Needless to say, these are not the only tactics. In particular, analysts need to become less dependent on AR teams as a source of information. What else should analysts be doing to improve their reputation and research quality? Let us know your comments.

For a full transcript of the recent telephone conference, IIAR members should log on to huddle >link to the file<.

7 thoughts on “Four ways analysts must respond to the crisis”

  1. Great post Duncan.

    IMHO, you missed a recommendation though. I would write it this way:

    #5. Do your research.
    Explanation: too often, analysts are waiting to be trickle fed by vendors. Which translate into “No AR, no coverage”.
    Great for AR. Not sure what it means for the research methodology to only write about a self selecting sample.

    On #1, this was one of the basis for Phil’s post but I think AR’s just got better at tiering. Analysts should just accept this and deal with it.

  2. Interesting post Duncan, and though I know our firm has a different business model to most analysts (solely focused on advising buyers and end users), I think the lesson we have learned is that the vendors should only ever be one source of information regarding their products. Oftentimes the most insight comes from those in the throws of implementing the products, and those that have long experience with the vendor and working with the products. Hence in terms of volume we talk to many more SI’s, Consultants and end user Orgs about products than the vendor.
    Focusing all your efforts on the vendor and their AR dept can result in little more than a virtual echo chamber.


  3. Pingback: [IIAR Teleconference] Phones hot up over a crisis in the industry « The IIAR Blog

  4. Hypatia Research does provide feedback to vendors AND evaluates vendors via its data-driven Hypatia Galaxy chart as well as our vendor drill-down so that end-user organizations are able to rapidly pull together a short list of vendors to consider.

    Thanks for letting us know that our business model aligns with the needs of AR professionals.

    Leslie Ament, VP Research & Advisory
    Hypatia Research

  5. Leslie, Hypatia’s website says that “We are unique in the world of industry analyst firms in that we do not charge technology vendors for analyst access.” What does mean? No analyst firms charge vendors for coming in to brief them, so does it mean you offer a unlimited and free inquiry service to vendors?

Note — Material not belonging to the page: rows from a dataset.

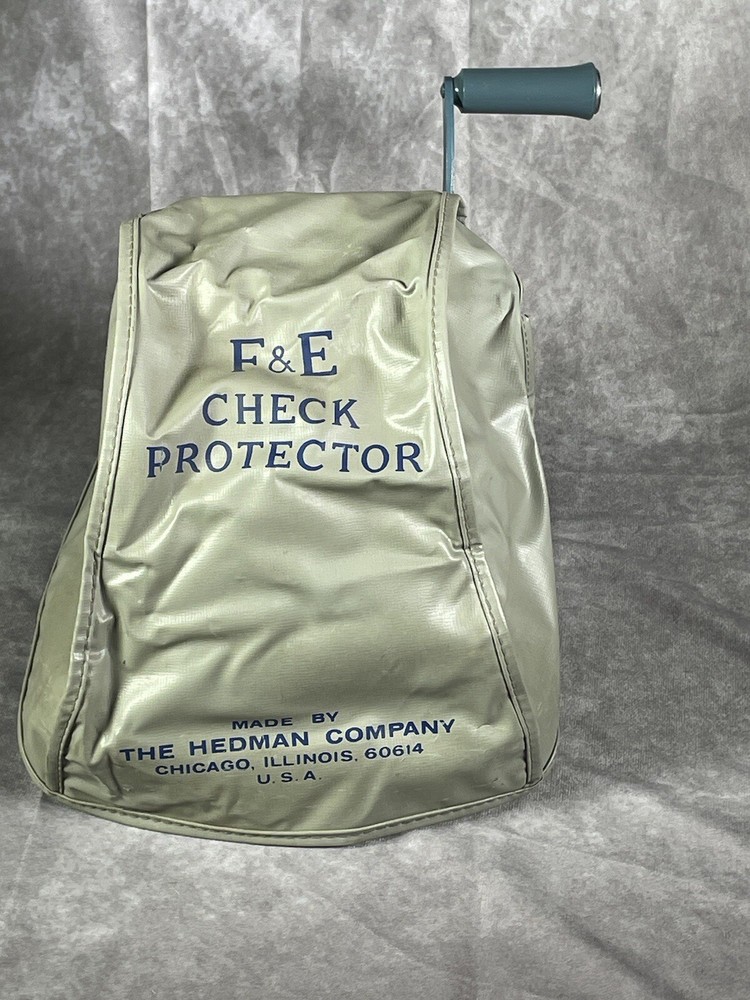 F&G Check Writer Series 900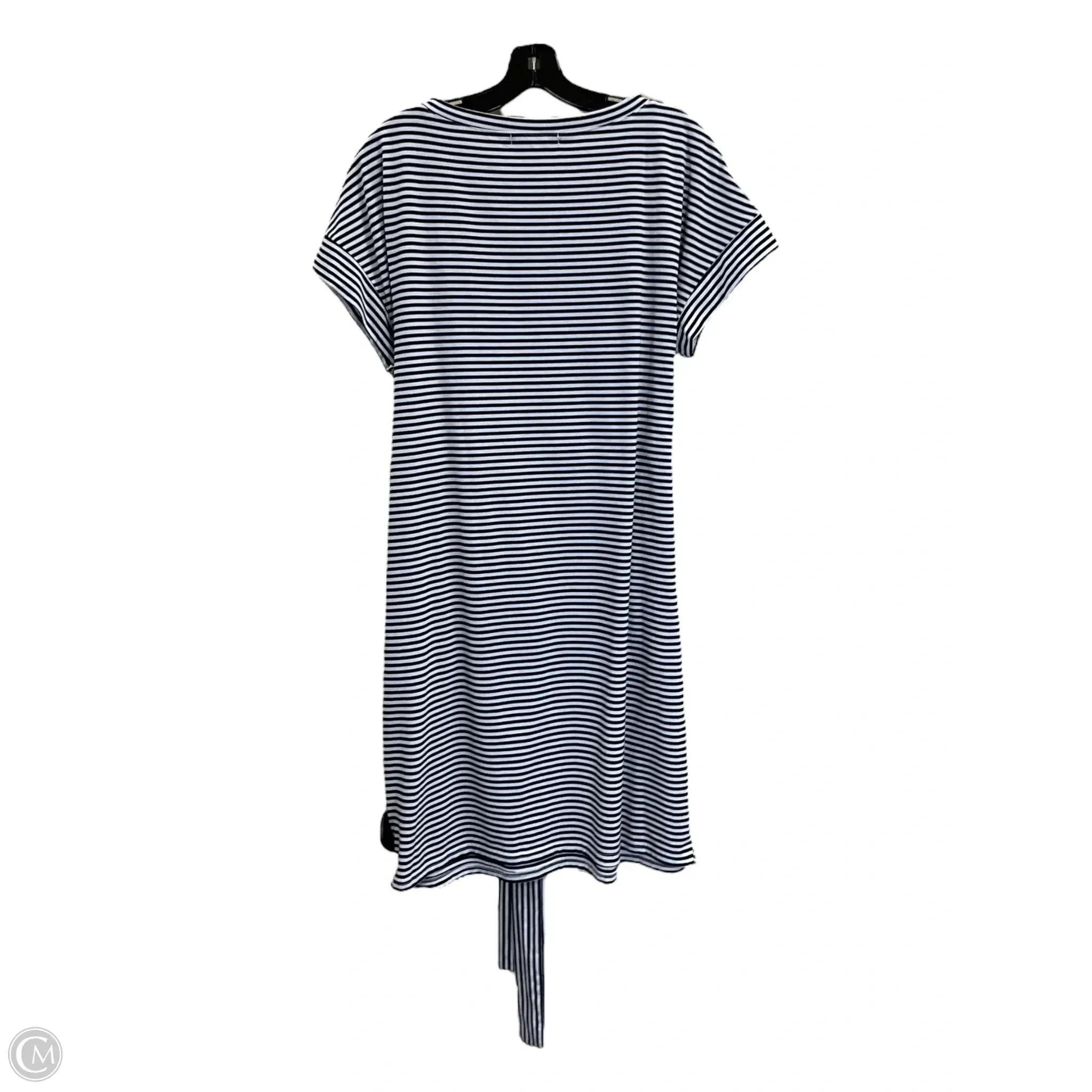 Dress Work By Clothes Mentor In Black & White, Size: Xl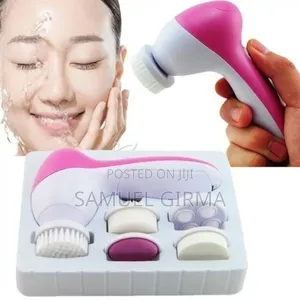 Photo - #አምስት_ተቀያያሪ_ብሩሾች_ያሉትbeauty Care Massager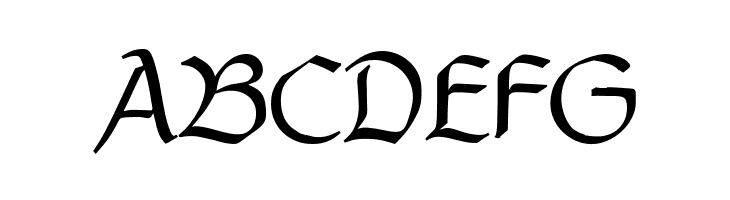 PostmoderneFraktur  Free Fonts Download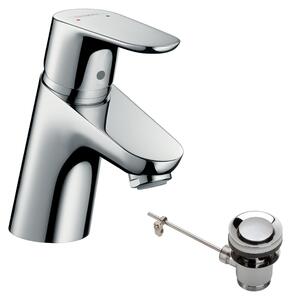 Hansgrohe Focus, Kúpeľňové umývadlo, Chróm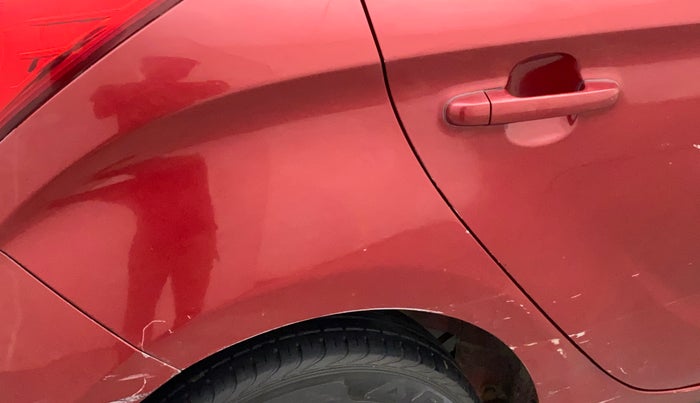 2010 Hyundai i20 MAGNA (O) 1.2, Petrol, Manual, 65,702 km, Right quarter panel - Slightly dented
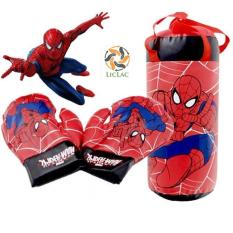 Túi boxing kèm bao tay cho bé- Hàng tốt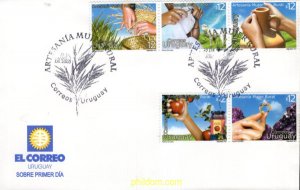 715672 MNH URUGUAY 2003 ARTESANIA DE LA MUJER RURAL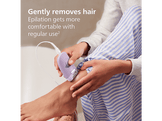 PHILIPS BRE257/00 Epilator Series 4000 – Epileren, scheren en exfoliëren -Ledlamp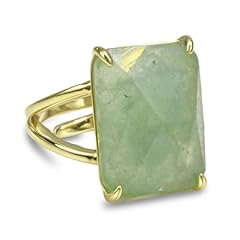 Green stone ring for sale  Delivered anywhere in USA 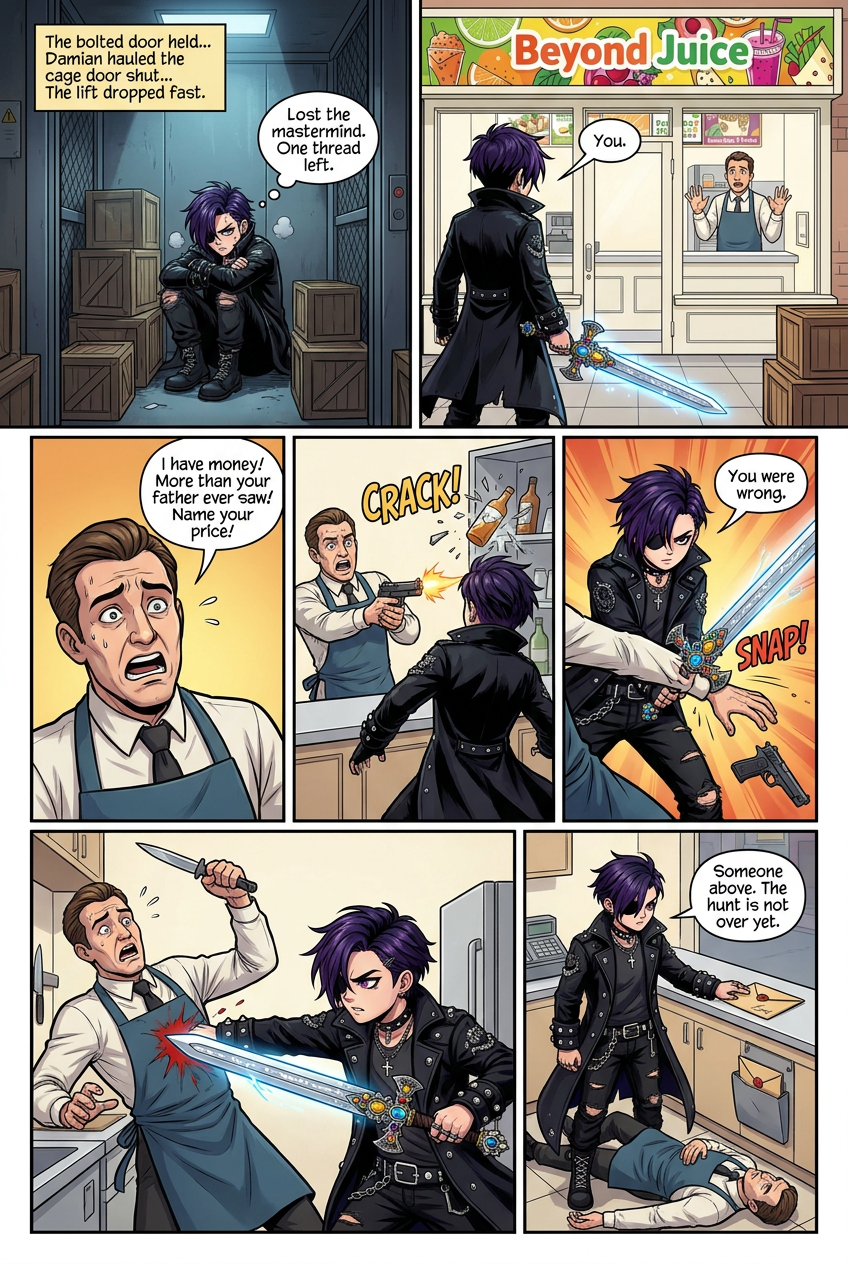 Chapter 24 comic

  6. Alan, I agree with that and, in the article, I say that analysts need to become less dependent on AR teams as a source of information. However, the reality is that there’s an increase in the pace of work in most analyst firms which means that research has to be intensive rather than extensive. Firms like yours, with very deep relationships with end-users, have a double advantage: you have insight into the market, and you’re not forced to follow the vendors’ news flow which (generally) just doesn’t impact end-users that much. But any one source of information has some dangers, and there’s no substitute for an approach which focusses on cross-checking and verifying information.

  7. All good ideas and insights. I’d like to suggest what sits at the core of the analyst crisis/malaise:

    Right or wrong, many vendors, and many senior executives at IT vendors, view industry analysts as necessary evils (and based on waning AR budgets perhaps increasingly unnecessary evils). Like all business relationships it comes down to shared value – what we can do for each other. An analyst who demonstrates value up front has a far better chance of tapping deeply into information and budgetary flow. Yes, vendors pay for value, NOT just for influence.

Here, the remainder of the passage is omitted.